Entering his second term in the statehouse as a legislator, Winter in 1955 made his first bold move with an almost unheard of challenge to unseat powerful sitting House Speaker Walter Sillers.
“I knew from the beginning that my chances were slim,” Winter recalls. “It then developed into a real race when J. P. Coleman, who had encouraged me to run, was elected Governor. Mr. Sillers then showed Governor Coleman a list of his supporters and convinced him that I could not make it.”
“I had over 50 votes pledged but couldn’t overcome the Sillers’ strength. I released all of my supporters (to vote for Sillers and not endanger their careers), but in a caucus at the King Edward Hotel the night before the voting, 41 of my supporters voted unanimously to carry it to the floor, where we lost.”
“I remember feeling disappointed but still proud that we made the effort. The conventional wisdom was that I had ended whatever political future I might have had. It really was the making of my later political success.”
Indeed, Coleman rewarded Winter just two years later when a vacancy occurred in the powerful office of State Tax Collector, which collected a tax on bootlegged whiskey. Winter ultimately recommended abolition of the office, but its statewide reach gave him a base for the future, including State Treasurer.
In 1967, he launched a long-shot bid for governor, but then catapulted ahead of a crowded pack to face staunch segregationist John Bell Williams for governor.
Despite leading the pack in the first Democratic Primary as he campaigned for more funding for schools and better highways, it proved to be one of Mississippi’s ugliest campaigns as Williams—seen as a martyr for his loss of power in Washington due to his states’ rights stance—savaged Winter’s relative moderation on race:
“IF WILLIAM WINTER IS ELECTED GOVERNOR, THE NEGROES WILL RUN MISSISSIPPI” one political handbill from that campaign read.
“The roof caved in as the old seg vote came together behind Williams. I really felt crushed after that defeat, because I had come from so far behind to lead the ticket in the first primary and then lost by a substantial margin,” Winter recalls.
Four years later, Winter was back, handily winning a race for lieutenant governor—a powerful post in its own right, of course, and a launching pad for a second run for governor. But, again, his plans for governor were crushed when failure to promptly respond to campaign attacks allowed a 60% standing in the pols to evaporate.
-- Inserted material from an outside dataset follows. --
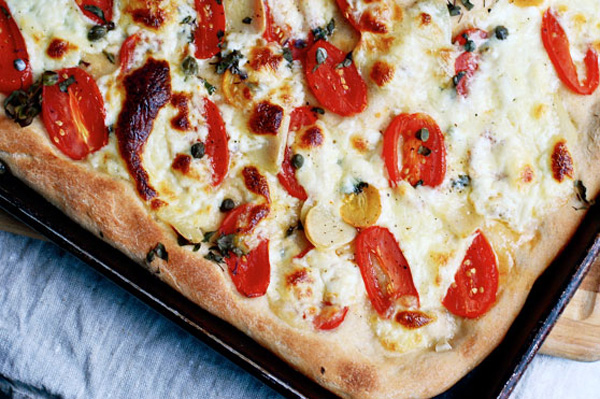 Simple summer pizza with tomatoes, basil and fresh mozzarella, via brooklynsupper.net; © Brooklyn Supper, all rights reserved Simple summer pizza with tomatoes, basil and fresh mozzarella, via brooklynsupper.net; © Brooklyn Supper, all rights reserved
Ultimately, Cliff Finch won.
“That was the greatest political disappointment of my life, and at that point I never expected to make another race. I was not crushed. I was just frustrated that I had not run a better race,” he says.
Of course, four years later, he did come back, rebounding off the troubled gubernatorial term of Finch. Even as governor, his push for education reforms failed in the Legislature until, finally, Winter rallied public opinion and rammed the reformers through in a December 1982 special session of the Legislature.
“When he failed, he was more determined than ever. I don’t think there’s any question,” says former aid and protégé Andrew Mullins who has edited a collection of Winter’s speeches entitled The Measure of Our Days published by the University Press of Mississippi. “He knew Mississippi needed to change, and he was trying to get into positions to make a difference.”
As the Mississippi Capitol begins filling up with a new crop of state legislators some 60 years after Winter was sworn in as a freshman state representative, Winter can offer some advice.
“Remember why you ran,” he says. “The legislators I served with who stood out are the ones that rose above the times…they weren’t afraid to stand up for the things that are important to the state.”